Crawled caption data
Segment Open
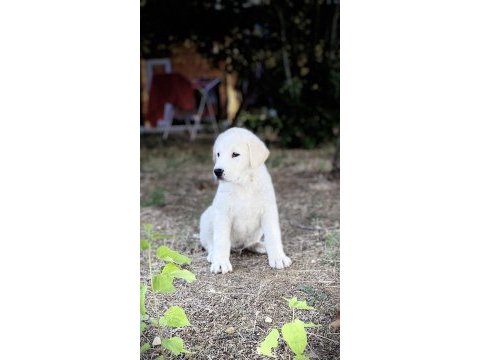 Akbaş çoban köpeği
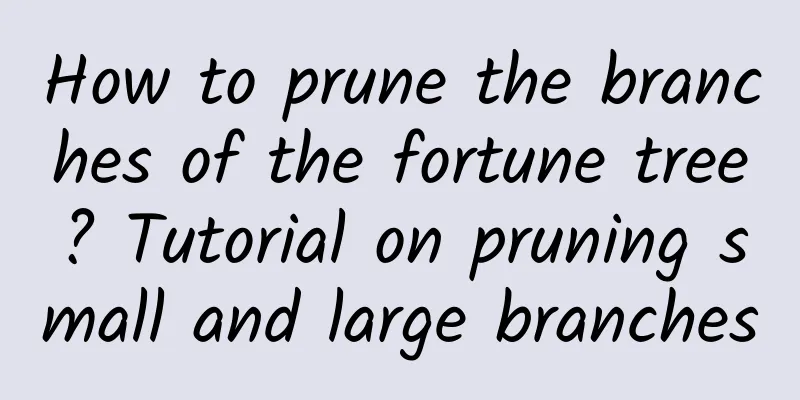 How to prune the branches of the fortune tree? Tutorial on pruning small and large branches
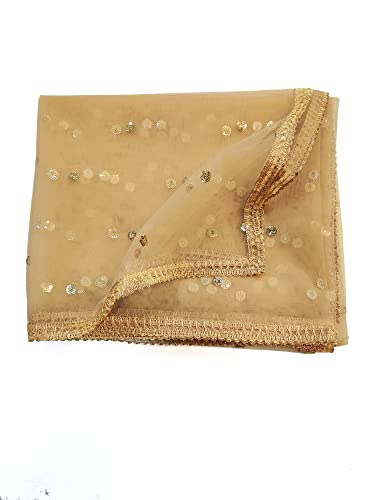 Studio-Shringaar-Womens-Net-Embroidered-Full-Size-Dupatta-42-X-250-Meters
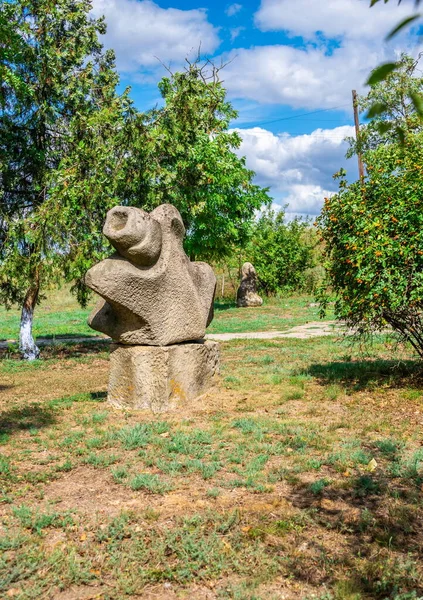 Parutino Ucrania 2019 Antigua Colonia Griega Olbia Orillas Del Río —  Fotos de Stock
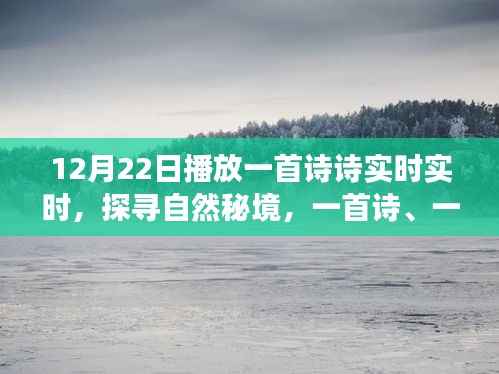 12月22日启程，诗意探寻自然秘境的宁静之旅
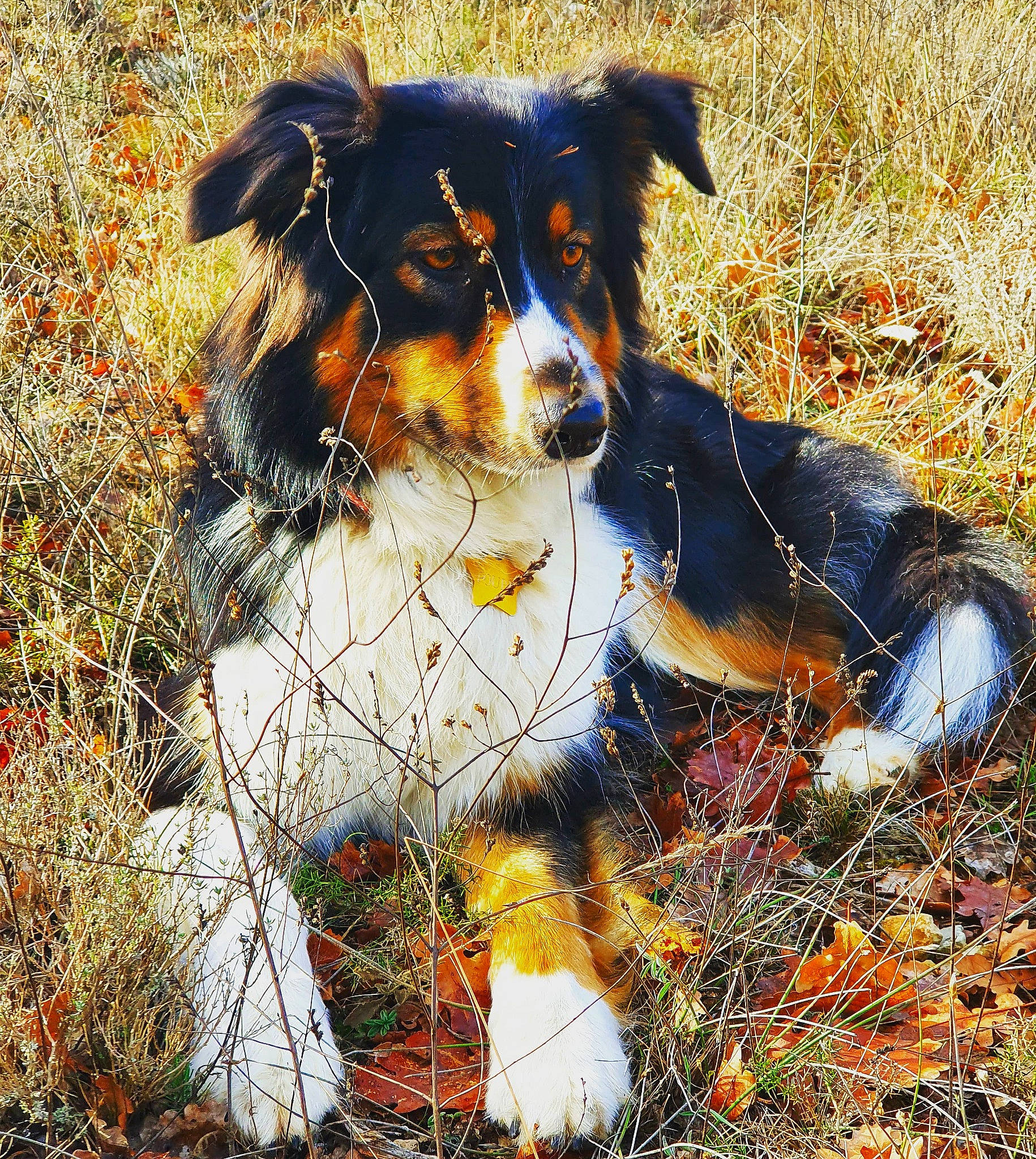 Fendi participe au concours pour gagner de l'argent avec cette photo : canidae, carnivore, companion_dog, dog, dog_breed, fur, grass, herding_dog, hunting_dog, natural_landscape, people_in_nature, plant, sporting_group, working_animal, working_dog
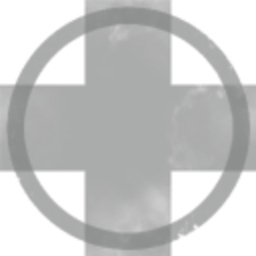 Black Hole Group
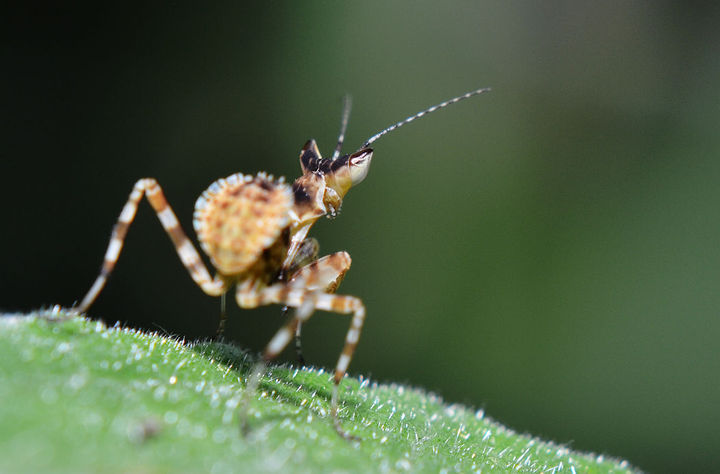 【寻虫记--丽眼螳螂摄影图片】野外丛林生态摄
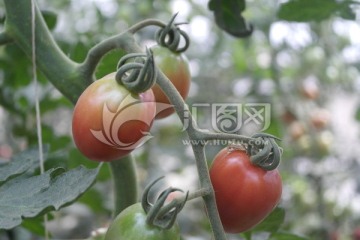 圣女果 小番茄 西红柿 小西红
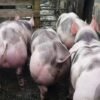 Pietrain Pigs for sale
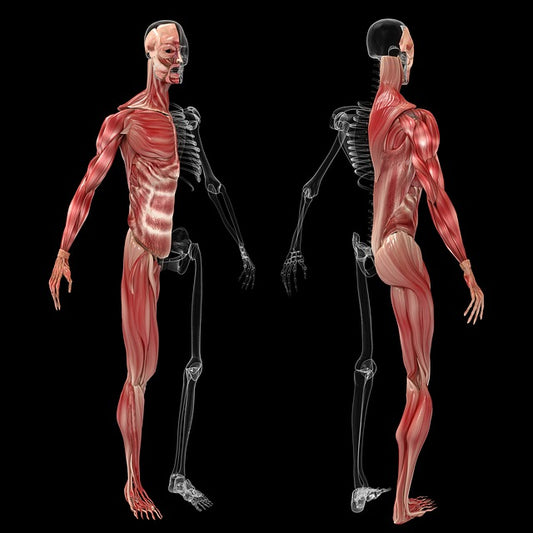 overexpression of the transcription factor NANOG can reverse the signs of cellular aging in muscles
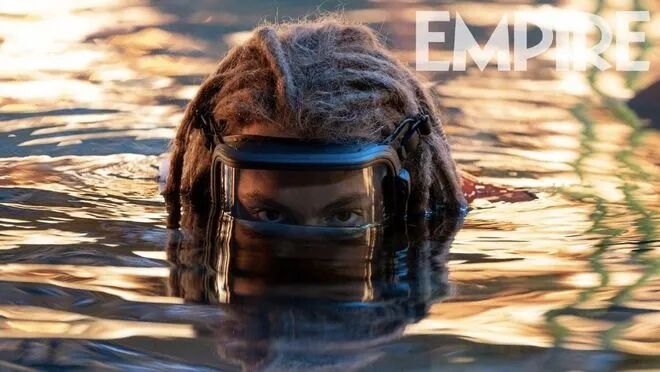 来了来了！《阿凡达2》终于定档了！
Segment Closed
(Task directions):
From the records above, copy exactly the lines starting at the one with "Parutino Ucrania 2019" and ending at the one with "Pietrain Pigs for sale", and no others. Pictures stay out.

(Solution for this exercise):
 Parutino Ucrania 2019 Antigua Colonia Griega Olbia Orillas Del Río —  Fotos de Stock
 12月22日启程，诗意探寻自然秘境的宁静之旅
 Fendi participe au concours pour gagner de l'argent avec cette photo : canidae, carnivore, companion_dog, dog, dog_breed, fur, grass, herding_dog, hunting_dog, natural_landscape, people_in_nature, plant, sporting_group, working_animal, working_dog
 Black Hole Group
 【寻虫记--丽眼螳螂摄影图片】野外丛林生态摄
 圣女果 小番茄 西红柿 小西红
 Pietrain Pigs for sale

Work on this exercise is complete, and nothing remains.